Shattering the earth, I
birthed.
Some of my
mates unceremoniously dug out,
some
abandoned and some poisoned.
Lucky I was
to see the light and feel the breeze.
More than
water and manure, with love and care I was nurtured.
Playing with
the bees, dancing with the breeze,
With the sun
as the warm guide and the moon and the stars for cheery companions,
I grew up to
be a fine red bud.
Kissed by
the dew and courted by the bees, I grew up into the virgin puberty to be a
desired beauty.
My Prince would come riding a
snowy stallion or astride a marble tusker,
hold me in his tender hands
with love sweeter than the honey and purer than the
dew,
kiss me so
gently that even his breath doesn't hurt me.
In the
heavenly garden of bliss among the fairies, we would live happily ever
after.
From where
did you come, you beast?
Uprooting my
dreams, burying my happiness.
Brutally
plunging into my life without my consent,
tearing away
my veil of feminine modesty,
Violently
heaving me away,
crumpling
beneath your insane chauvinism.
Is your
manhood not under you?
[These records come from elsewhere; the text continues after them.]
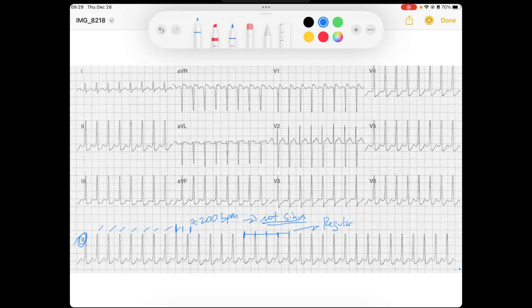If it were irregular, our differential would be something different. It's a regular, narrow complex QRS. So the first thing that comes to mind is SVT — supraventricular tachycardia. Why SVT and not VTach? We've got narrow QRSs, and we know narrow QRS means it's taking the His-Purkinje fibers with normal depolarization from the AV node down into the ventricle. So this is coming from the AV node or higher — this is definitely not a ventricular rhythm.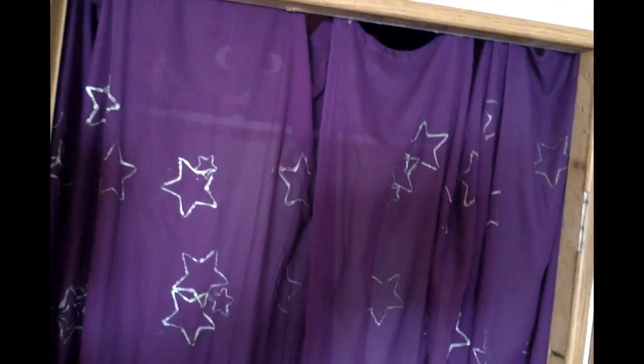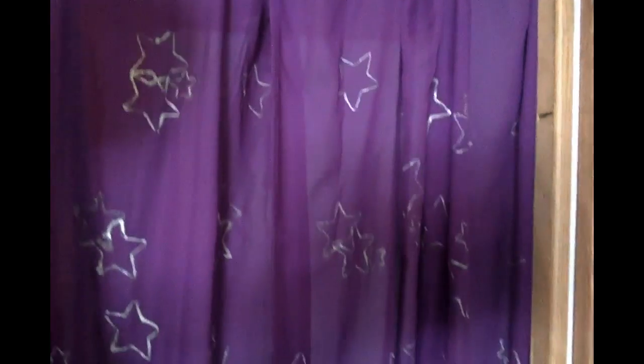The purple semi-transparent curtains have been fabric painted with glow paint in the shapes of stars.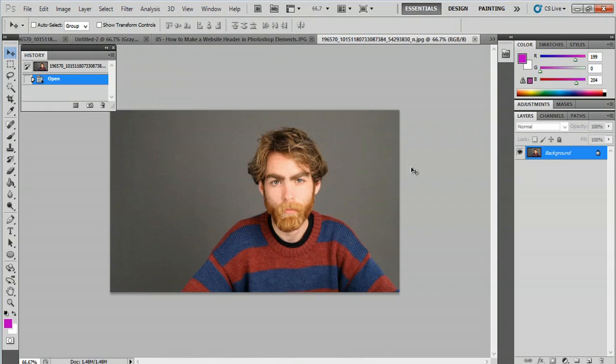Hey, my name's Zach, and I wanted to show you how to make your images 150 dpi, or dots per inch. Now, this is actually just referring to your resolution. So, we're going to go into our Photoshop here, and I have a pretty good looking picture here.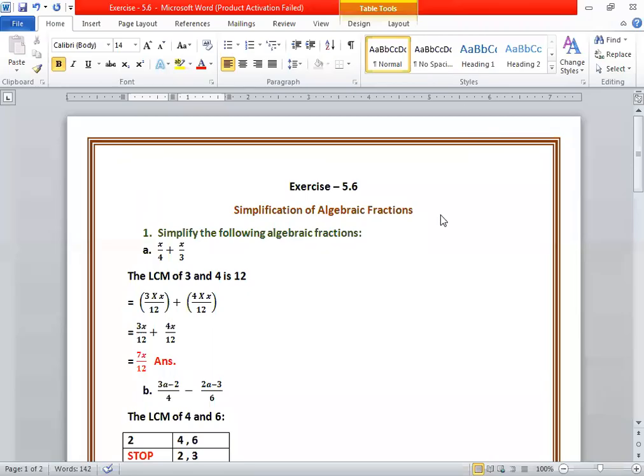This is exercise 5.6: Simplification of algebraic expressions. Simplify the following algebraic expressions. Part a: x upon 4 plus x upon 3.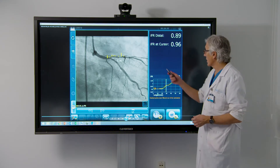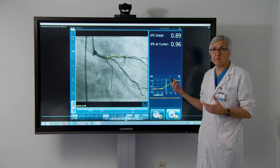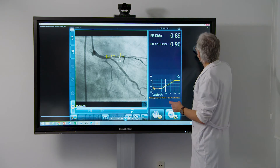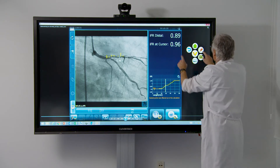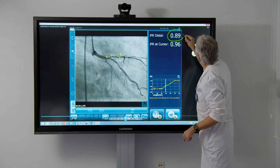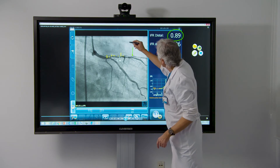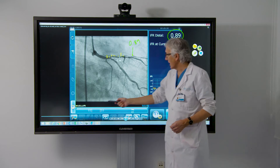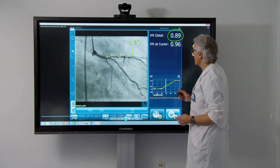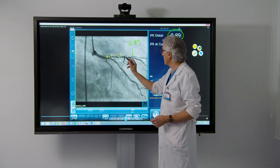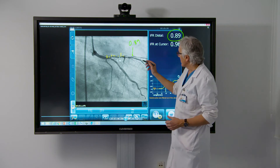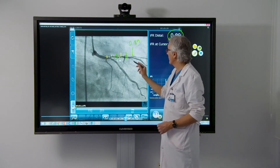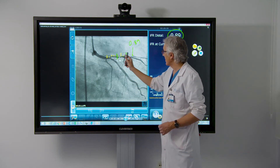IFR co-registration with angiography gives us the answer. In the distal part of this vessel we have an IFR value of 0.89, which is very abnormal. Each dot accounts for a drop in IFR of 0.01 units, showing us that treating up to this location would improve hemodynamics. However, in this diffusely diseased vessel we need to find adequate landing zones to remove as much hemodynamic impairment as possible — a question that physiology alone cannot answer. We now need imaging.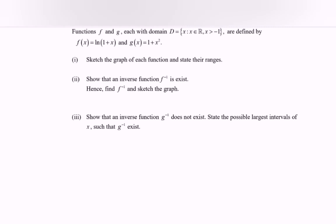Hello everyone. In this video I'm going to discuss the example for function and graph. Functions f and g, each with the domain x greater than negative 1. We have f(x) which is equal to ln(1 plus x), and g(x) where we have 1 plus x squared. So sketch the graph of each function and state their range.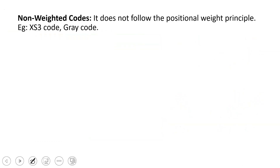Next are non-weighted codes. This is the opposite of weighted codes — it does not follow the positional weight principle. The best examples are XS3 and gray code.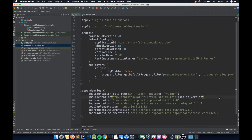Hey guys, what's going on? Welcome back to the third video in the Kotlin Sudoku Android tutorial series. In this video, we're going to actually set up some sort of backend for our game.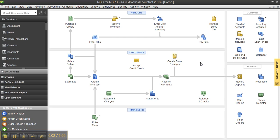Hello, and thanks for clicking on the link to watch this short video looking at one of the new features for both Accounting Edition 2013 and QuickBooks Bookkeeper 2013, and that is Batch Enter Transactions.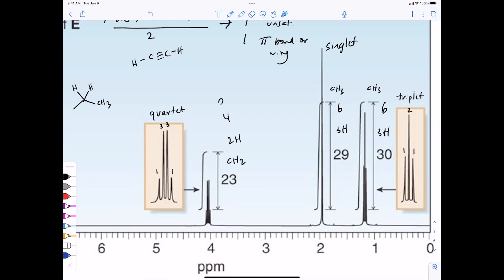One of the most common ways to have two identical protons is a CH2 group. One of the most common ways to have three identical protons is a CH3 group. So you're beginning to see the types of structures that can be indicated by these peaks. We also talked about how the shape of the peaks gives you more information for connectivity - for example, a one-to-three-to-three-to-one quartet represents a proton that's adjacent to three other protons.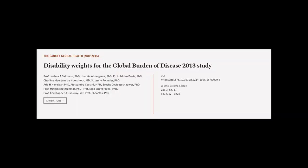This article was authored by Professor Joshua A. Salomon, Ph.D., Juanita A. Hardsma, Ph.D., Professor Adrian Davis, Ph.D., and others.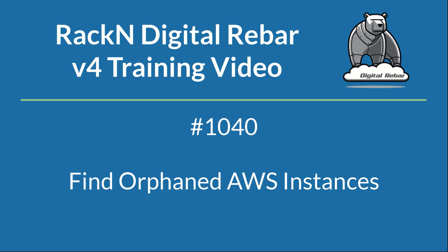Hello and welcome to RackenLab 1040, Finding Orphaned AWS Instances. The objective of this lab is to discover AWS instances that are created outside of Digital Rebar and pull them into Digital Rebar. The business ROI is to get improved operational control and consistency of all of your infrastructure by being able to create an accurate inventory and watch for systems that are orphaned or created outside of your infrastructure as code system.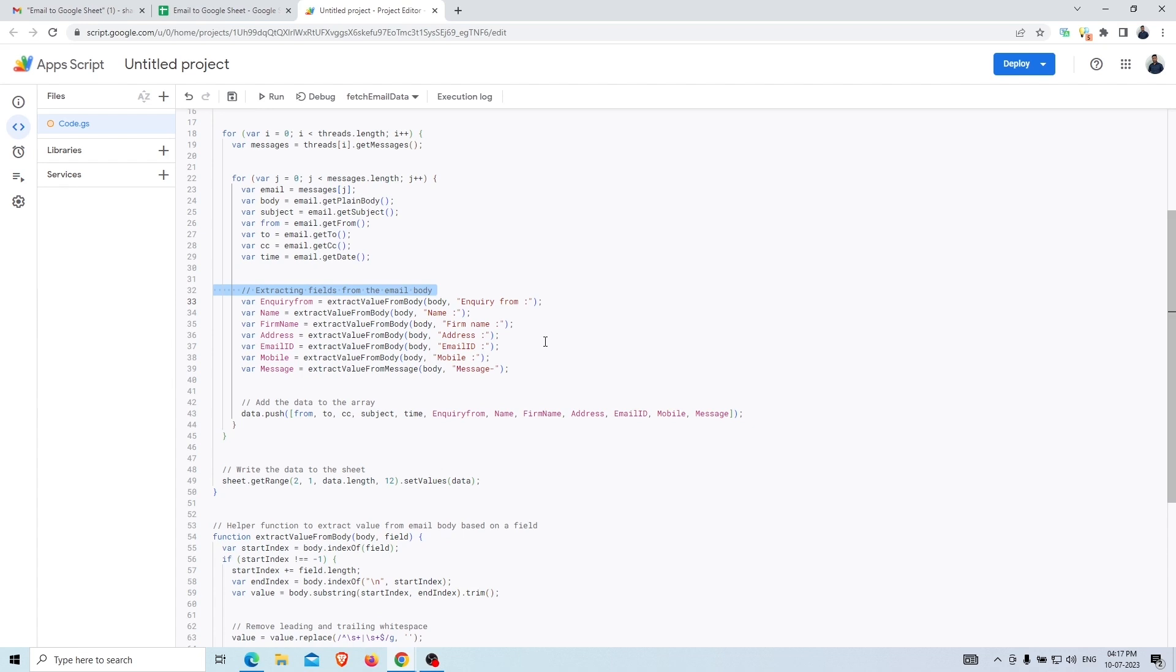And here you can check out the field level of the email body like first name, address, email ID, mobile, and body message.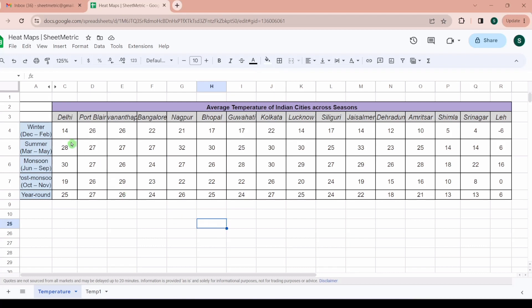This data set represents average temperature across various Indian cities in multiple seasons like winter, summer, monsoon, post monsoon, and then average of the year.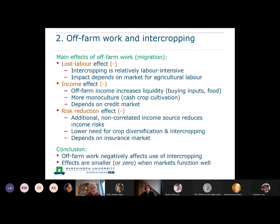In conclusion, the impact of off-farm work and migration on the likelihood that farmers use intercropping is that overall it will have a negative effect. But this effect will be smaller and may even be zero when markets function well — when labor, credit, and insurance markets are there and functioning. In failing markets, you would expect it to have a negative impact on intercropping.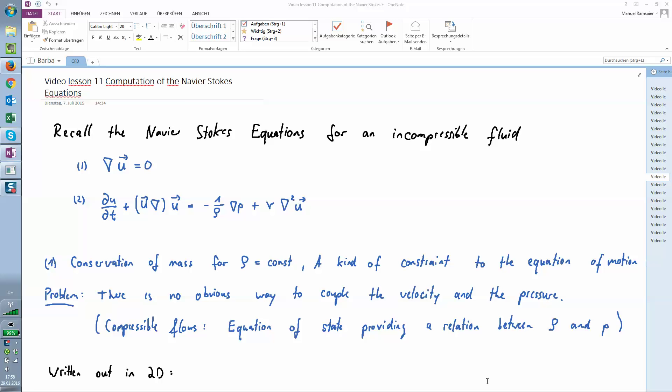Welcome to the 12 steps to Navier-Stokes, originally taught by Lorena Barba. In this case we will do step number 9, the Laplace equation.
For your bestial cravings,
don't you
have women in your house?
Your wife,
your sister, your
mother?
What right
do you have over me?
What rights
over my body and my
desires?
What respect
do you know for feminity?
That
divinity in your chain's locket, isn't she a woman too?
What rights
do you have to worship?
What rights
do you have to live?
Being
desirable is not my fault,
being a
woman is not my fault,
Temptation
is not Eve's fault.
The fault
lies between the folds of your mind and between your
legs.
Roses are
beautiful, but look below, there are thorns.
Dedicated not only to the girl whose every drop of tear is slap of the shameless face of this Nation, but also to all women.